I did a 30% water change yesterday, I will do another 50% today. Hopefully that will clear it up. Thank you for your help.


----------



## holly12 (Apr 21, 2011)

If the spike is because you are nearing the end of the cycle, then yes a large partial water change should fix the Nitrates.

If it's not because of that, check for any dead fish (unless you are doing a fishless cycle.)

Live plants (and lots of 'em) help with water quality as well. They consume ammonia and nitrates as food.


----------



## Robin Roy (Jun 28, 2012)

Look good


----------



## zero (Mar 27, 2012)

also seachem stability can help with a nitrate spike.


----------



## beaslbob (May 29, 2009)

Simplestmind said:


> My nitrate and spiked for some reason all the way up to 60! I did a water change, is there anything else I can do? What would cause this to happen?
> 
> 
> ammonia 0, nitrite 2, nitrate 60
> ...


60ppm in an aqaurium that is cycled and has limited nitrate consumers is normal and infact expected. Even with water changes.


To me the best method of lowering nitrates in a cycled aquarium or preventing ammonia spikes in a cycling aquarium is to simply increase the nitrate and ammonia consumers which I use live plants for.

but that's just me and my

.02


----------



## jrman83 (Jul 9, 2010)

With regular (weekly) water changes of at least 30-40% 60ppm is not normal or expected.

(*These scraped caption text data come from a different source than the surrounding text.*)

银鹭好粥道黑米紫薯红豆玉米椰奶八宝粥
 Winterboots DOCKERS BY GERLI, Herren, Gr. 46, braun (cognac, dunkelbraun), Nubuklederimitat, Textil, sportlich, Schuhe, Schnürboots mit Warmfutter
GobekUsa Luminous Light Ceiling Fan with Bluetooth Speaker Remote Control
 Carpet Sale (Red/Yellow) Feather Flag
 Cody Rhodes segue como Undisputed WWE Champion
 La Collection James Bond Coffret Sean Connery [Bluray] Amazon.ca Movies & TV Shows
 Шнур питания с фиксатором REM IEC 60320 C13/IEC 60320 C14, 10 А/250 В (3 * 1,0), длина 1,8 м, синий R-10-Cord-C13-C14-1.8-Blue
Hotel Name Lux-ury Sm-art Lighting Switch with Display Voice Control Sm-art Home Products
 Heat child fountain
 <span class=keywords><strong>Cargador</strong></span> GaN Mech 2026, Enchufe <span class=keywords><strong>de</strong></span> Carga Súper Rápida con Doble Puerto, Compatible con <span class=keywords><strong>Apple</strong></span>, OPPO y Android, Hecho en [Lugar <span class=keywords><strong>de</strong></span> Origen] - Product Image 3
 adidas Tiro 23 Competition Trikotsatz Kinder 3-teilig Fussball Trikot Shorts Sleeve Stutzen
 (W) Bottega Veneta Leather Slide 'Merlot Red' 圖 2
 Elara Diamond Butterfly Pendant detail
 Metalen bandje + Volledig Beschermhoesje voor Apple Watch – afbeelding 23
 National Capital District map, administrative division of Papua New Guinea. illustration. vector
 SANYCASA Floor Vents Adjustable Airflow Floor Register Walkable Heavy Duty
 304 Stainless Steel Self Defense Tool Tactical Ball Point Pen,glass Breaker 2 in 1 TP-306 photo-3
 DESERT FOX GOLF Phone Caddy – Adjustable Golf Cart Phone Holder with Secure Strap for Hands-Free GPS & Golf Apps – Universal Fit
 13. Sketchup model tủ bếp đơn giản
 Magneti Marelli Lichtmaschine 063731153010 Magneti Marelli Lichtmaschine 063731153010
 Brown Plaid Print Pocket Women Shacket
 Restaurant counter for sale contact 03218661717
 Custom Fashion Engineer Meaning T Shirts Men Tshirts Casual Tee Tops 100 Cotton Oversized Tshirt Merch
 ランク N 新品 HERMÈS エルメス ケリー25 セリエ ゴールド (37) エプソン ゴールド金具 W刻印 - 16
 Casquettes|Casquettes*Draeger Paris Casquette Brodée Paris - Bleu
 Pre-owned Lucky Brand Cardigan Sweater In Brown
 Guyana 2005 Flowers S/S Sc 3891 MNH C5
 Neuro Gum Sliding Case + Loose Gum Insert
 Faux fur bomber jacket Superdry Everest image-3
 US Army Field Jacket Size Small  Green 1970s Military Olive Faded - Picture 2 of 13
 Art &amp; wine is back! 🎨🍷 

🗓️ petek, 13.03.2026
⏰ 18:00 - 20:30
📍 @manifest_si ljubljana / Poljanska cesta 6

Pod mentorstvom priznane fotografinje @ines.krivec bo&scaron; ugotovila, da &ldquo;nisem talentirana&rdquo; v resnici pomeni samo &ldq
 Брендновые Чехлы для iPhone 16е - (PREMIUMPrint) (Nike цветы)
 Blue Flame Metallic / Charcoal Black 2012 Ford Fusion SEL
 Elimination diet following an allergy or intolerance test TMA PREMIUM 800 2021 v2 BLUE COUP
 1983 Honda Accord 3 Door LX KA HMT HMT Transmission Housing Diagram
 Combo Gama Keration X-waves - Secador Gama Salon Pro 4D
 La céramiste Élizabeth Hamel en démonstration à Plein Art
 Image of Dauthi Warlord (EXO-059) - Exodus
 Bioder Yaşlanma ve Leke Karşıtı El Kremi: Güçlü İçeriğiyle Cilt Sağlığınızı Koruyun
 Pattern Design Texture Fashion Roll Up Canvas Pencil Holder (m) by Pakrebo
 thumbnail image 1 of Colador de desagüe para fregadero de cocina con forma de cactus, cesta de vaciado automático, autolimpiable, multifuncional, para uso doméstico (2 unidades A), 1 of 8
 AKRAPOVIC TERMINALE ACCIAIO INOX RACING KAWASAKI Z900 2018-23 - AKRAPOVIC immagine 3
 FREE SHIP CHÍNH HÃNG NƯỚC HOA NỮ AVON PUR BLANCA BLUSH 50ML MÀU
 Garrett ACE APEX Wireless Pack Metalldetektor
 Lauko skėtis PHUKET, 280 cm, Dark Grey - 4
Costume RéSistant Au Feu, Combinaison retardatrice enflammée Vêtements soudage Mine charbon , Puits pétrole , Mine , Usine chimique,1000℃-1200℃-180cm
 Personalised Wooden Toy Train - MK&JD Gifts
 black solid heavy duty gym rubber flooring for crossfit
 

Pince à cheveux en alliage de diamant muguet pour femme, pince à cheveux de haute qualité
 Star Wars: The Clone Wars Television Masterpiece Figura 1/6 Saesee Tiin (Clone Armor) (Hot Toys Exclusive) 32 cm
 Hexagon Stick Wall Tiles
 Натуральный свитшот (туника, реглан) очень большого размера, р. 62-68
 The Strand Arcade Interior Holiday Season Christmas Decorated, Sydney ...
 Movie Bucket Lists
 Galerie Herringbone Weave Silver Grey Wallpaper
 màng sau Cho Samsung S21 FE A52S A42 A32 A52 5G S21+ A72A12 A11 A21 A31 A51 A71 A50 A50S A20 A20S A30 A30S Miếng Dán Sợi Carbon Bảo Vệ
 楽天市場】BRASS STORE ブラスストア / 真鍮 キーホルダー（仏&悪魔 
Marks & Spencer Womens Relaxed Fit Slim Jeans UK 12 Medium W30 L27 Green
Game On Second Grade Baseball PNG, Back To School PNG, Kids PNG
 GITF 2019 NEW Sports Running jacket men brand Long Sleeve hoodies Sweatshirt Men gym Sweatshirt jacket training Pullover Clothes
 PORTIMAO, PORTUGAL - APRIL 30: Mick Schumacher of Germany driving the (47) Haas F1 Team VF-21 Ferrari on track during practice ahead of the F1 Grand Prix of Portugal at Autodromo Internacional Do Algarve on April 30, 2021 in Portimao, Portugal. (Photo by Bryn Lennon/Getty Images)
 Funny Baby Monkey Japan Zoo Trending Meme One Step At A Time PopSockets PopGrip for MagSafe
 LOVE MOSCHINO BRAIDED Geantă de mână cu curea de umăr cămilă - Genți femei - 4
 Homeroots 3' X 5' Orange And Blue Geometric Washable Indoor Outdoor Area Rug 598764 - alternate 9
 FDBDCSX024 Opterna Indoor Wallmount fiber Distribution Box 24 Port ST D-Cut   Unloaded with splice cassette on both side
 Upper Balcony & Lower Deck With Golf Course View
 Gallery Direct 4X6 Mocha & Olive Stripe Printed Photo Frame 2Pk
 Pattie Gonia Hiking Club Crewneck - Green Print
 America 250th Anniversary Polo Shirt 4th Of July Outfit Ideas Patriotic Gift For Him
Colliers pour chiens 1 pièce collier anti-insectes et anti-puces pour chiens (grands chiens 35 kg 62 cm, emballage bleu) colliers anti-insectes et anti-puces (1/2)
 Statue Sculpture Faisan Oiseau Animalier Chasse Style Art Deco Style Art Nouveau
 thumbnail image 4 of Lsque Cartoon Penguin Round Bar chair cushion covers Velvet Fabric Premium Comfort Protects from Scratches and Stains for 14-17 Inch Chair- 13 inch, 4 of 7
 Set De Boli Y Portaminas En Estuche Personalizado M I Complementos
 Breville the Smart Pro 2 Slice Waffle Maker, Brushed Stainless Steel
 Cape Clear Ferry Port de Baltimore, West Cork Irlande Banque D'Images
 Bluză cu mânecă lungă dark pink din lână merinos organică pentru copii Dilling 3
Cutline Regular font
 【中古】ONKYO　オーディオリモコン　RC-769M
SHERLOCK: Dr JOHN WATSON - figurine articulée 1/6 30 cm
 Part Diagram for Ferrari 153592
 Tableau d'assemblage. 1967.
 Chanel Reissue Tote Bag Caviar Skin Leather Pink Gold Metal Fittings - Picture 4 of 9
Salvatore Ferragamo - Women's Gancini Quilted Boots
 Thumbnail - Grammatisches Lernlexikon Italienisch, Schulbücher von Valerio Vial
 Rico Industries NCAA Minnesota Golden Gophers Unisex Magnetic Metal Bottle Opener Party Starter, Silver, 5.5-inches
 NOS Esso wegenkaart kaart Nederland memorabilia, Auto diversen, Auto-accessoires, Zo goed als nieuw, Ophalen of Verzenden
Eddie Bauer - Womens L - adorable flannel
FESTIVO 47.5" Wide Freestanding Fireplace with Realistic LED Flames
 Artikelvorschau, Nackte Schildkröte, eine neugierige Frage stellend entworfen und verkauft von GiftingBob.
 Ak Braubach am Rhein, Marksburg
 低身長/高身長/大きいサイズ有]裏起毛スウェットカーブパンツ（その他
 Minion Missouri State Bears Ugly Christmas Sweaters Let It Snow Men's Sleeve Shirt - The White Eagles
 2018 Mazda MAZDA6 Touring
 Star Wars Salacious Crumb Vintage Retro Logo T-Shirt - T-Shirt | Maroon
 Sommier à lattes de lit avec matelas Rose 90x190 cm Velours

Readings can tend to get higher at times possibly, but this is more of user action (overfeeding) vs in-action (no water changes). Very easy to jack up nitrate levels with even slight overfeeding. Bottom line is no matter what % you change every week it needs to be enough to reset the water completely, not just partially with something like a 10% change. This needs to occur whether you have plants or not.


----------